WORK ITEM » All pictures must be left out as you transcribe the lines from the first line of the data to the line containing "We receive butterflies", both included.

Stored data entries
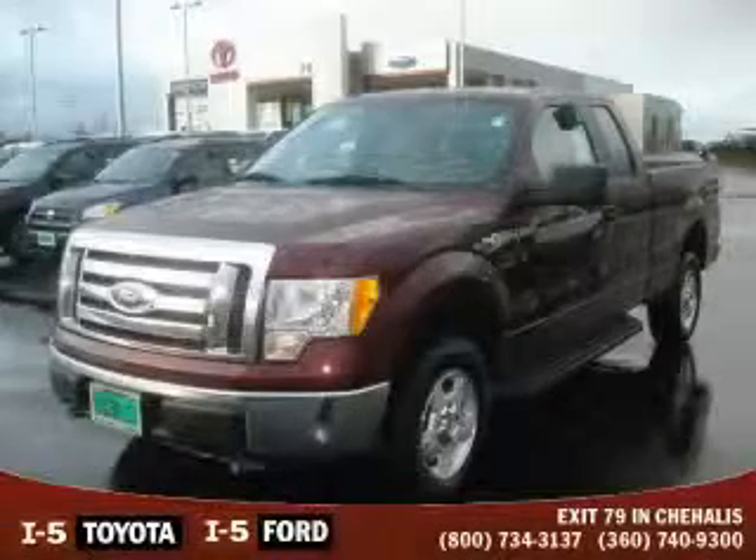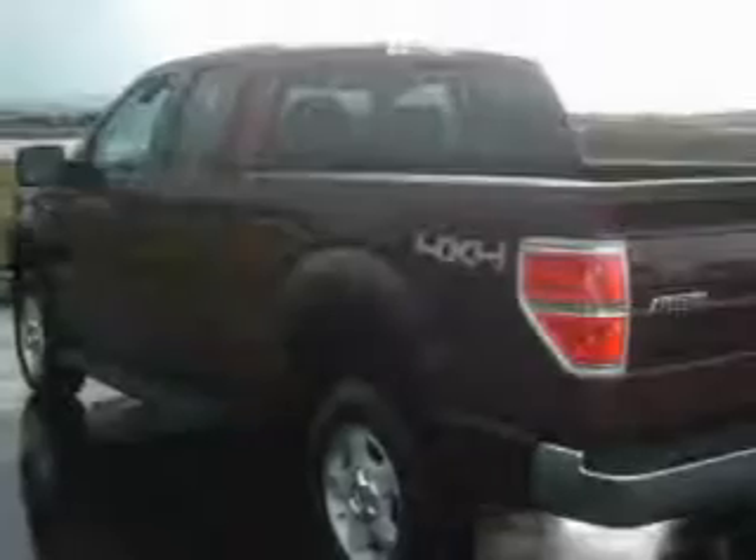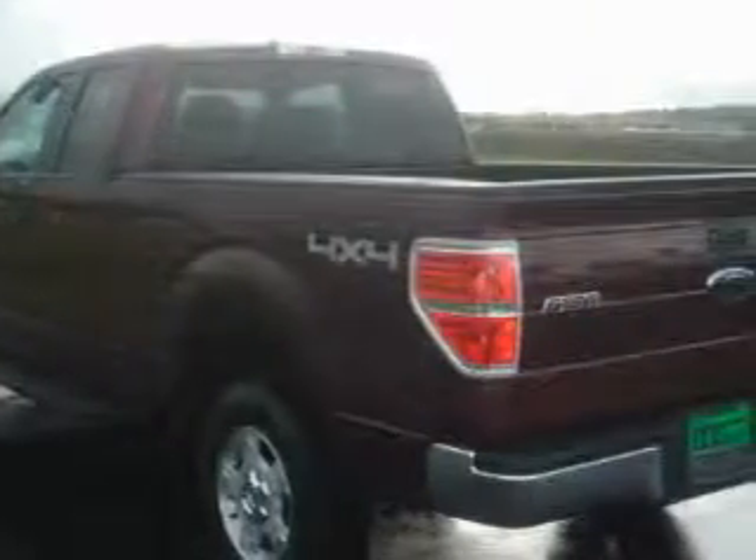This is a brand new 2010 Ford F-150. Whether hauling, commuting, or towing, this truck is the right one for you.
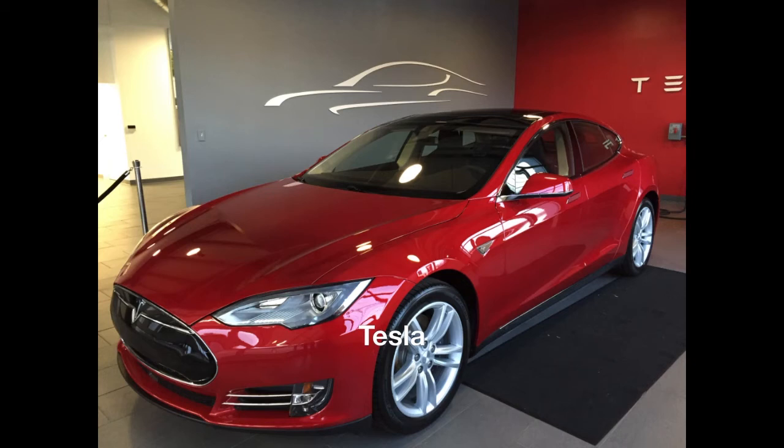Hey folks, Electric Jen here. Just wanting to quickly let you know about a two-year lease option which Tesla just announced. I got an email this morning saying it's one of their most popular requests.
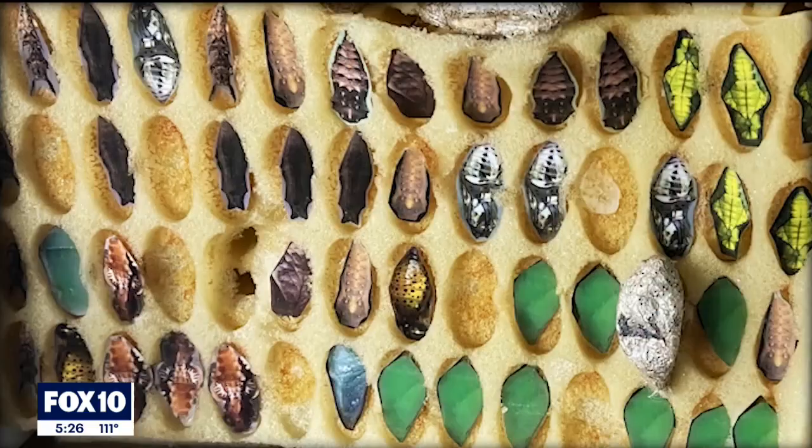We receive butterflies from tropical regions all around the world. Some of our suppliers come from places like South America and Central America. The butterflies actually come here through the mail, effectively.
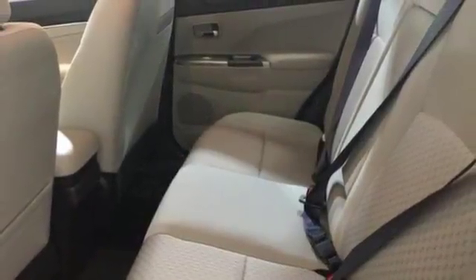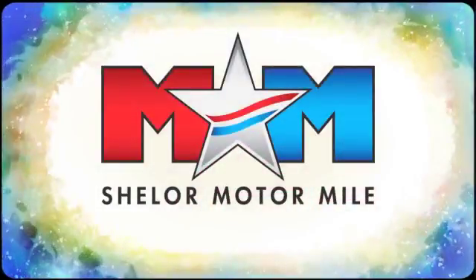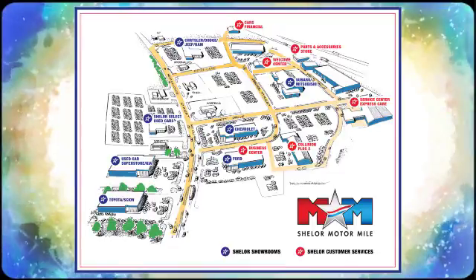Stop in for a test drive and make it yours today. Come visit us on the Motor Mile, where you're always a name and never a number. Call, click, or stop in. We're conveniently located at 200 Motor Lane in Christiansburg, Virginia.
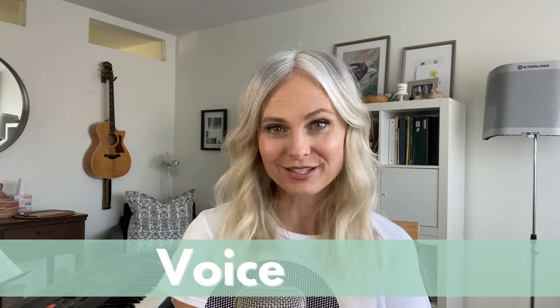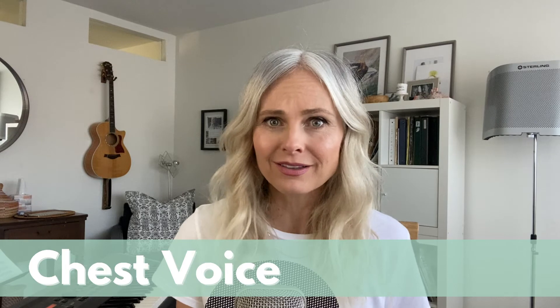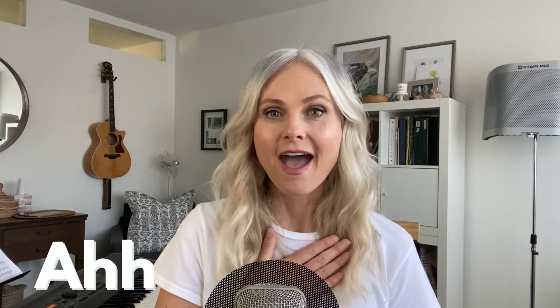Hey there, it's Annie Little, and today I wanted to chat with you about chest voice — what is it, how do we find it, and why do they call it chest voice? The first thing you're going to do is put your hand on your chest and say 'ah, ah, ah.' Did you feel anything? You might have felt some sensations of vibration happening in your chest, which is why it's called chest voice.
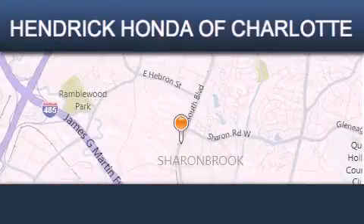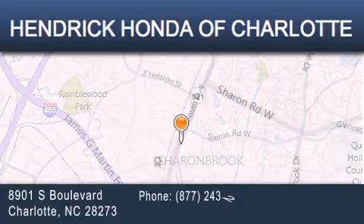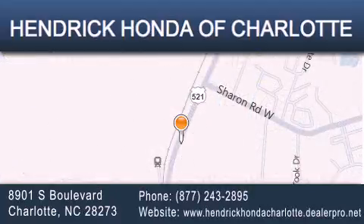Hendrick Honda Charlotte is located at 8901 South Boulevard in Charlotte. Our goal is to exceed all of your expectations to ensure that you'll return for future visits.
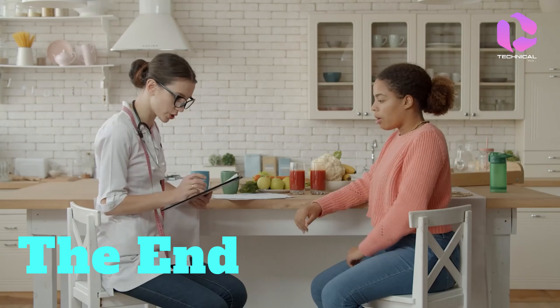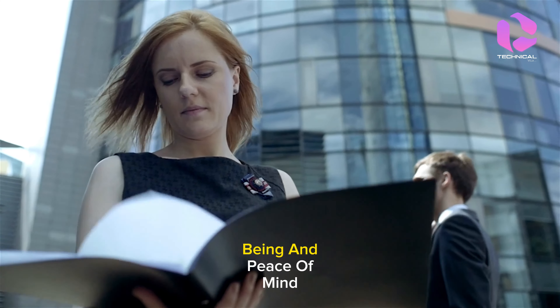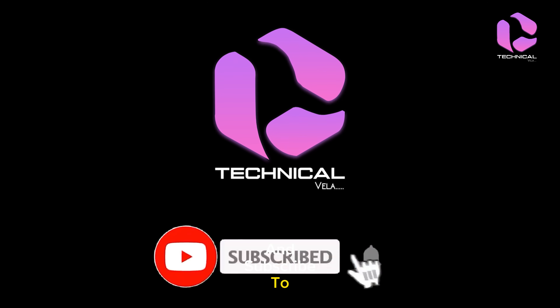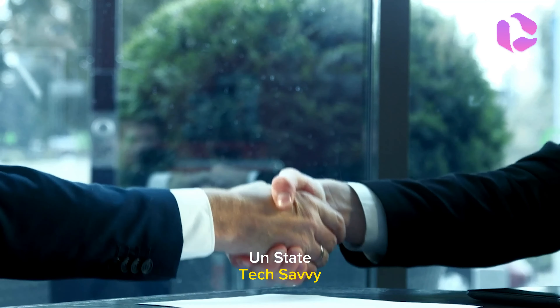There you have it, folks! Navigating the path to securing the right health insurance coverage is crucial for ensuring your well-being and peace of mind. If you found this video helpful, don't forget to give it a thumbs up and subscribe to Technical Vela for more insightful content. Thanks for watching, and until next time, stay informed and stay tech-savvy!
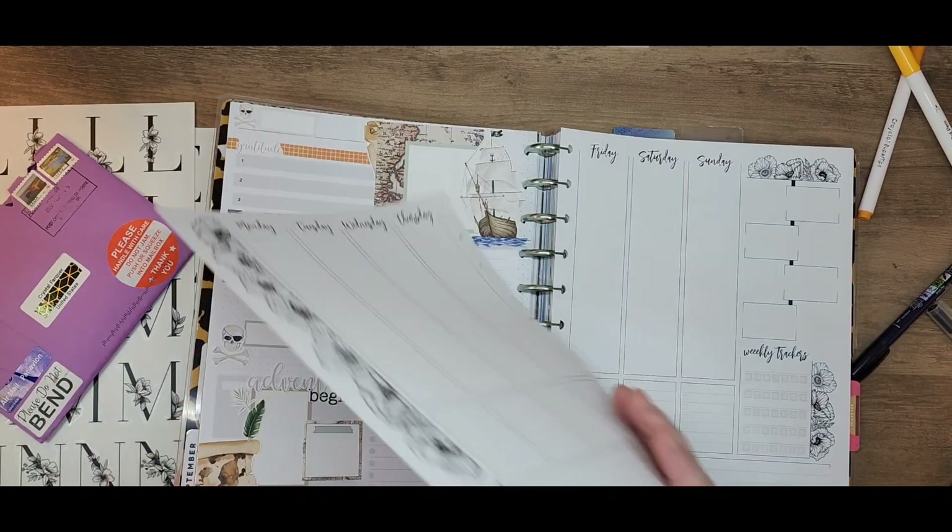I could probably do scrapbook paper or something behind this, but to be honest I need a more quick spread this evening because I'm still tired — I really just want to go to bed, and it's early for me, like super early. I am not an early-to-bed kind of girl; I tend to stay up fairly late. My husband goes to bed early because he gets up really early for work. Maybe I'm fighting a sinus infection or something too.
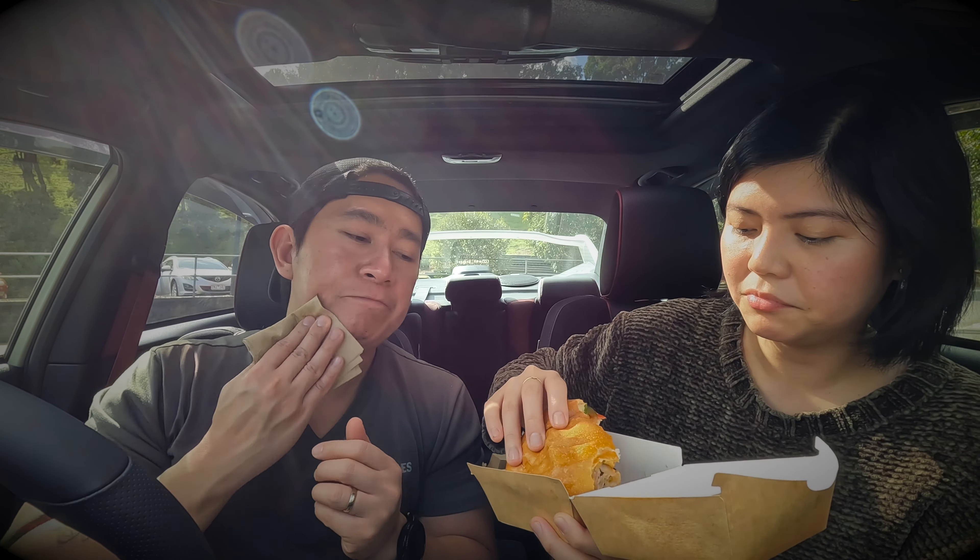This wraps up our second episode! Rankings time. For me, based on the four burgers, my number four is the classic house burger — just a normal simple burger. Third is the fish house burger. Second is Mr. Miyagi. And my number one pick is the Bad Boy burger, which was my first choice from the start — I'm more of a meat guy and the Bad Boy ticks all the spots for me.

SOLVED PROBLEM »
This is a brand new 2010 Ford F-150. Whether hauling, commuting, or towing, this truck is the right one for you.
Hey folks, Electric Jen here. Just wanting to quickly let you know about a two-year lease option which Tesla just announced. I got an email this morning saying it's one of their most popular requests.
We receive butterflies from tropical regions all around the world. Some of our suppliers come from places like South America and Central America. The butterflies actually come here through the mail, effectively.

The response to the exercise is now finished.